Do you wish you had more time to prep for your lessons? Or not known how to fill an unexpected bit of time at the end of class? Maybe you’ve had to sub at the last minute for a sick colleague. Whatever the case, bookmark these five classroom activities you can prep in five minutes or less.
1. Hot seat
- All you need to prep for this activity is a list of vocabulary words the class has been working on.
- Break the class into teams of 3-4 students and ask each team to produce a piece of paper and a pen, and choose a representative. Respresentatives must sit with their back facing the board. The teacher chooses a vocabulary word and silently writes it on the board.
- Now each group must describe the word to their rep. Once a student with their back to the wall has guessed the word, they write it down and raise their hand for the teacher to check. The first group to guess correctly wins!
- Turn this into a fun review game by playing multiple rounds and keeping score.
2. Running dictation
- This activity incorporates all skill areas and takes just two minutes to prep.
- Select a text your students have been exposed to—I usually like to grab a reading text from earlier in their coursebook. Print a few copies of the text and stick them on a wall with Scotch tape. (If space allows, put them a little way outside of the classroom to make the game more physical.)
- Ask students to pair up and decide who will be the reader/speaker (Student A) and the listener/writer (Student B). Each pair must have a piece of paper and a pen.
- Tell the Student A’s that their job will be to read and memorize the text a sentence at a time, then return to Student B to dictate what they have read. Student A’s are free to go and come back from the text as many times as they’d like, but they may not write anything!
- Explain that the Student B’s must write down everything their partner says and should be sure to ask about spelling, capitalization, punctuation, etc.
- The teacher monitors during the activity. As pairs finish, they inform the teacher, who will check for accuracy.
3. Speed conversation
- This is a great activity because it works with every topic! To start, either pick a random topic or choose to work with the week’s assigned theme.
- Now, break students up into small groups and ask them to write 3-5 questions related to the chosen topic. (The questions should be information questions rather than Yes/No questions.)
- Once a group has their questions, they can send one member to write them on the board. It’s important not to repeat a question, so students and teachers should be taking note of what is being written. Once all questions are on the board, review as a whole class to correct any errors and check for understanding.
- Now, have students pair off and sit directly across from one another (I usually use one table and have them sit around it making sure that everyone is sitting across from someone). Give them 3-5 minutes to discuss any questions from the board that they would like. They do not need to discuss all the questions, they may talk about them in any order, and can take as long or short as they’d like on each one.
- Inform the students that when the time is up you will say “switch” and at this point everyone needs to change their seat one to the right.
- You can do several rounds of this especially if you have an odd number of pairs. If you have a very chatty class, feel free to make the discussion time longer.
4. Class error correction
- This activity takes no before class preparation.
- During a conversation activity or writing exercise, monitor the students’ work. When you hear or see something incorrect, make a note of it.

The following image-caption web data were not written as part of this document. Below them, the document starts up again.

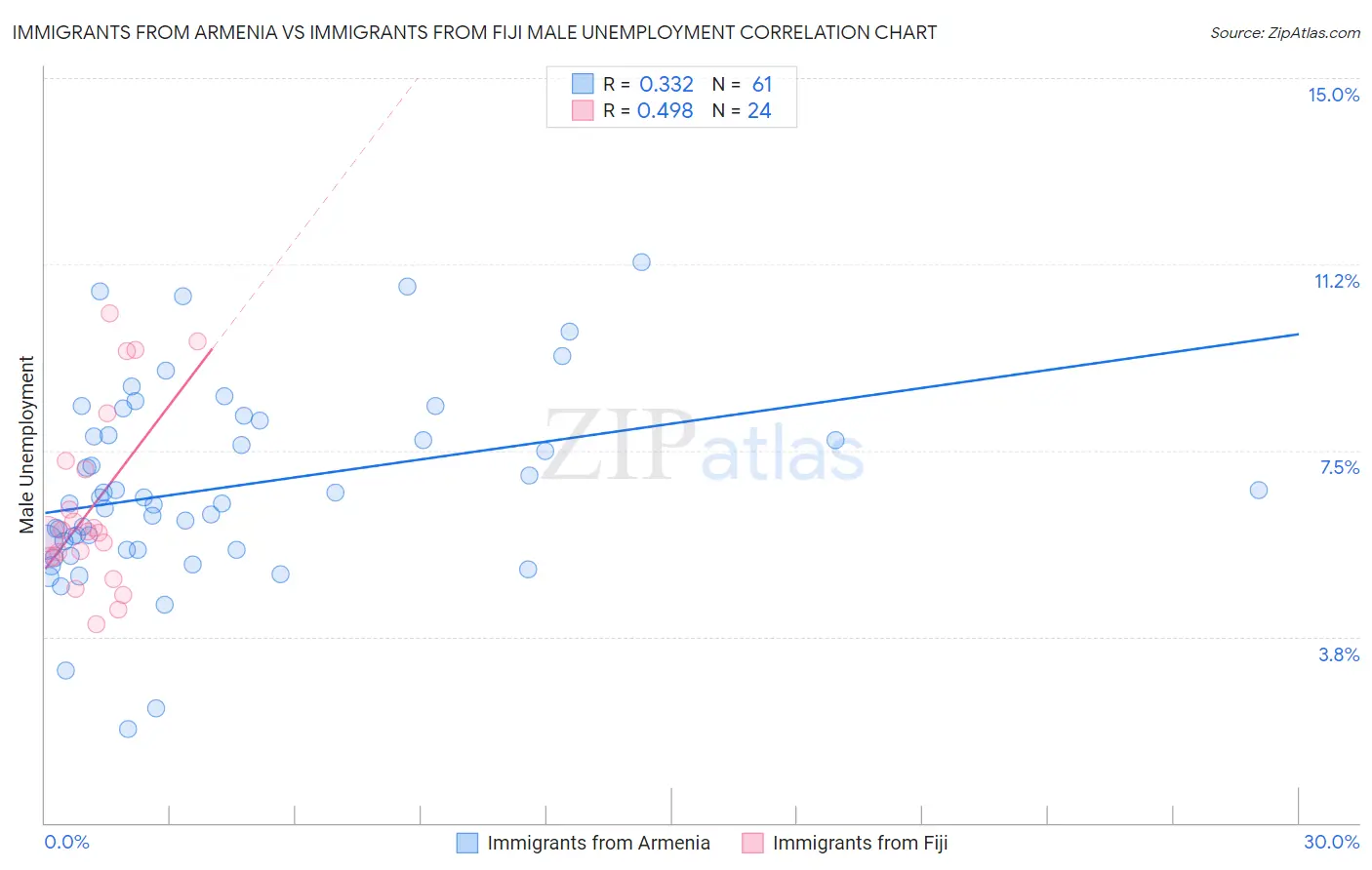 Immigrants from Armenia vs Immigrants from Fiji Male Unemployment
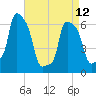 College Point tide chart for Wednesday, April 12, 2023
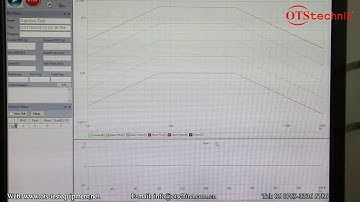 Electrodynamic Vibration Mechanical Shaker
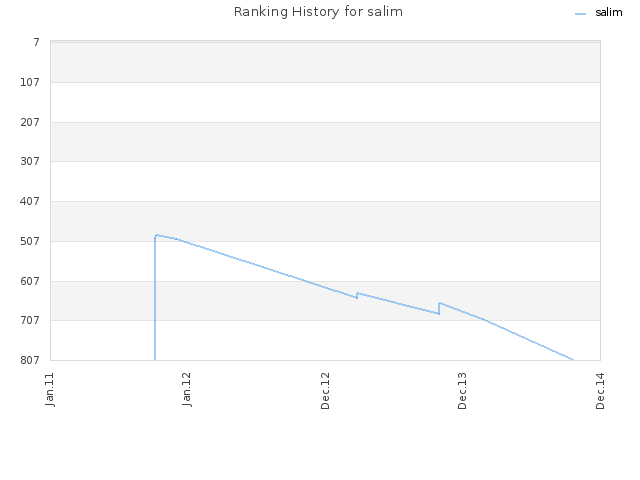 Ranking History for salim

- At the end, write some of the mistakes you have heard on the board (keep students anonymous!) and have pairs come up with the corrections together.
- Later, review as a whole class. I actually like to do this activity in conjunction with speed conversation a lot of times!
- This is a fun way to generate lots of vocabulary and boost creativity.
- Have students break up into groups of 3-4. Each group should take out a piece of paper and a pen.
- Ask each group to write down all of the letters of the alphabet from A to Z vertically, one on each line. Give students the topic for the day/week and give them a time limit (vary this depending on level).
- Students must identify a word starting with each letter of the alphabet related to the topic. Once students are done, you can review as a whole class to verify their answers.
- To make it more challenging, and a bit competitive, keep score and tell students that they won’t receive points for answers another group has. This will lead them to come up with some very creative answers!